Solusi Palsu
Perubahan Iklim
Siti Maimunah ; Koordinator Nasional Forum Masyarakat Sipil
untuk
Keadilan Iklim (CSF-CJ)
|
KOMPAS,
06 Desember 2012
Alam tak bisa
berbohong sepertinya menjadi ungkapan paling pas untuk menggambarkan berbagai
bencana yang terjadi menjelang atau sesudah KTT Perubahan Iklim serta sebelum
berlangsungnya COP-18 di Doha, 26 November-7 Desember 2012.
Namun, hal ini tak
membuat para pencemar utama, yaitu negara-negara industri, berhenti
mempermainkan nasib penghuni Bumi dengan menunda mandat penurunan emisi gas
rumah kaca (GRK).
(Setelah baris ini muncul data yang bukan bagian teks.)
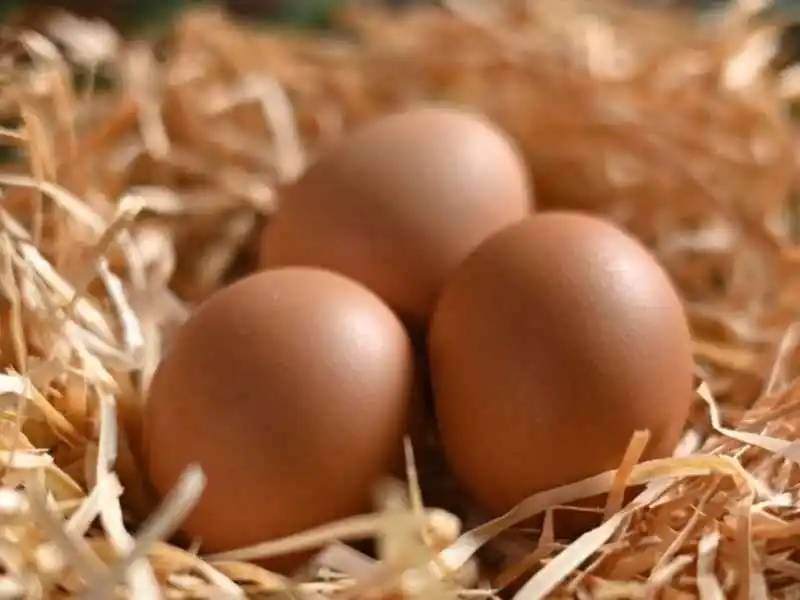 ISA Brown Hen: Complete Guide to Care, Eggs & Temperament 3 Isa brown eggs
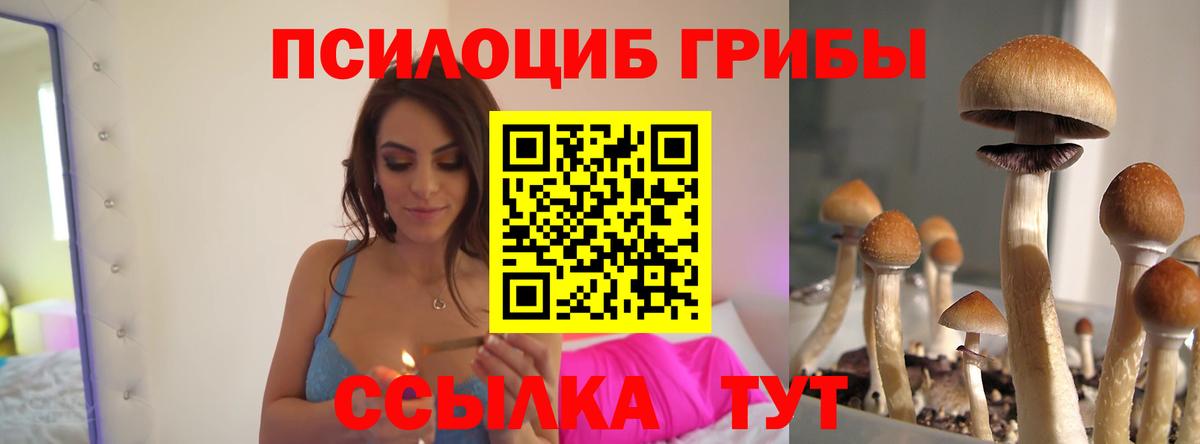 закладки  Галлюциногенные грибы прущие грибы  Вход с VPN  Корсаков 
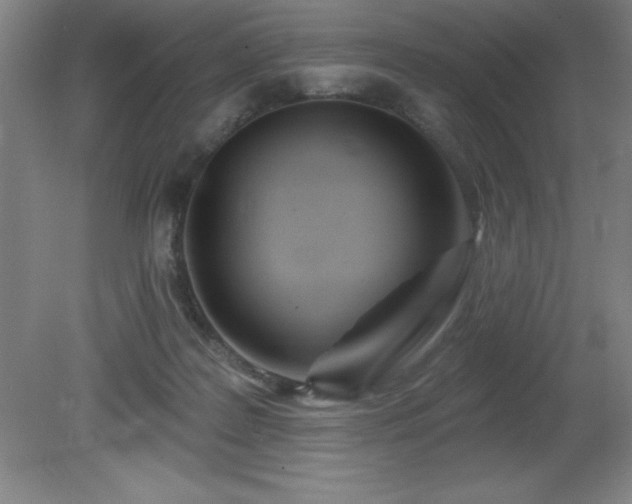 X0000082160219200701191250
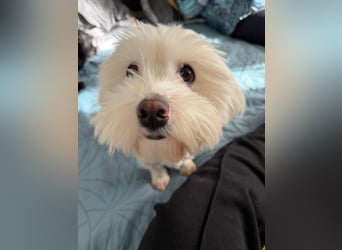 Bichon-Malteser Mix PUFFI sucht seine Familie!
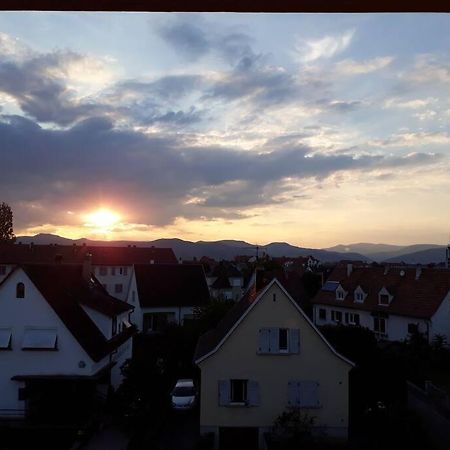 Logement Ideal Pour Un Sejour Alsacien En Amoureux Кольмар Екстер'єр фото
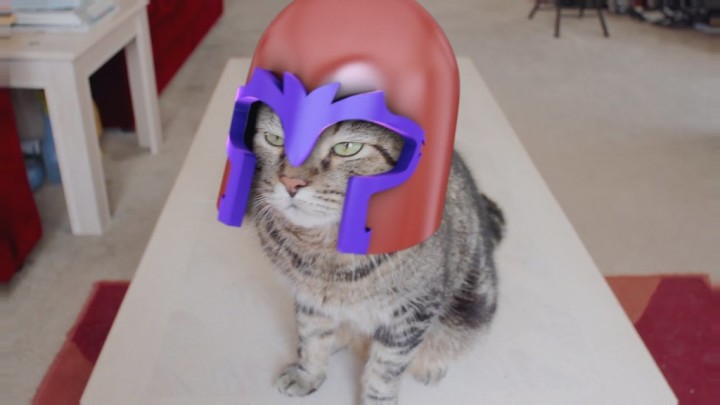Xメンのマグニートーになってしまった猫。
Lebih dari 2,4 juta orang menjadi korban, 60 orang di
antaranya meninggal karena banjir di Manila. Sementara 33 orang meninggal dan
8 juta lainnya jadi korban badai Sandy di Amerika Serikat.
Belum lagi banjir
di 85 persen wilayah Thailand, yang berakibat lebih dari 800 orang meninggal.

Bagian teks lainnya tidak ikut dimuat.